Вспоминая о своих первых шагах в литературе, о литературных произведениях, В. Лихоносов в одном из писем сказал: «Учиться у Бунина бессмысленно. Я просто любил его тему; я иногда влюблялся и переживал так же, как его Митя, Арсеньев; я в то время тосковал по среднерусским деревням, и Бунин подкреплял мою тоску. Я был склонен к грусти, к элегии – все это было в рассказах Бунина. И всегда была в его вещах мелодия, тот «звук», без которого – сам признавался – он не мог написать первую строчку. Так вот, музыка, тон, протяжность совпадали с настроением моей души, и это ее громкие слова. Потому я принимал Бунина как родного».
В ходе этих исканий одни ценности, более глубокие, подлинные, укоренялись, входили в «состав личности», другие, напротив, обнаруживали свою недостаточность, неспособность стать «вечными спутниками». Как-то, напомнив в разговоре с Лихоносовым высказывание Твардовского в предисловии к бунинскому собранию сочинений, я услышал как бы предысторию этой характеристики.
– В январе шестьдесят пятого года, – рассказывал Лихоносов, – в день отъезда в Краснодар, я зашел напоследок в «Новый мир» и случайно застал там Твардовского. В его кабинете и пробыл минут двадцать. Сначала говорили о Бунине – Твардовский как раз заканчивал вступительную статью к его собранию сочинений. «В «Брянских» чувствуется влияние Бунина», – сказал он. Я, конечно, не скрыл того, как сильно люблю Бунина, но в чем его влияние на меня, я еще и сам не знаю. В первые годы студенчества я увлекался и Паустовским, читал все-все, а теперь охладел. «Может, – сказал я Твардовскому, – виной тому новые правдивые книги, новые писатели, может, это у меня временно, через год-другой пройдет, и к Паустовскому меня снова потянет?» – «Нет, – уверенно сказал Твардовский, – не будете читать.
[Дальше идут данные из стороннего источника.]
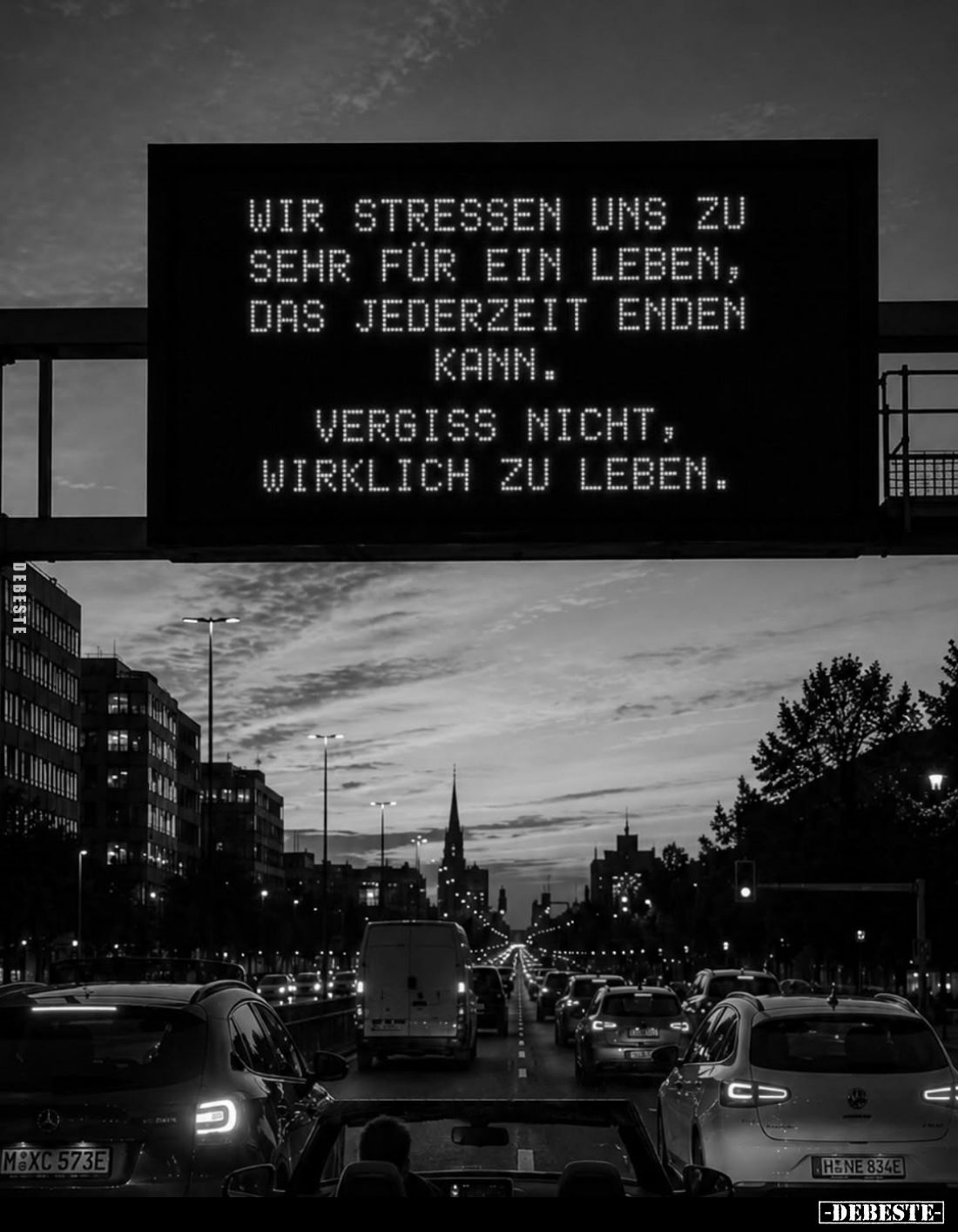 Wir stressen uns zu sehr für ein Leben, das jederzeit enden kann.
Vergiss nicht, wirklich zu leben.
Паустовский в своих книгах все-таки… прошел мимо жизни».
Именно Бунин остался для В. Лихоносова (как и многих других современных русских прозаиков) неким классическим ориентиром, подражать которому невозможно, как невозможно не учиться у него.
В живом литературном процессе, таким образом, наследие Бунина играет свою важную и плодотворную роль. Его реалистическое творчество, творчество младшего современника Л. Толстого и Чехова, ровесника Горького и Куприна, современника А. Толстого, является как бы мостом между классической литературой XIX века и русской современной литературой. «Бунин – по времени последний из классиков русской литературы, чей опыт мы не имеем права забывать… – писал А. Твардовский. – Перо Бунина – ближайший к нам по времени пример подвижнической взыскательности художника, благородной сжатости русского литературного письма, ясности и высокой простоты, чуждой мелкотравчатым ухищрениям формы ради самой формы».
Его творчество остается сокровищницей русской культуры, сокровищницей родного языка. С его кончиной, последовавшей в Париже, в скромной квартире на улице Жака Оффенбаха в ночь на 8 ноября 1953 года, в небытие погрузился целый огромный и прекрасный мир.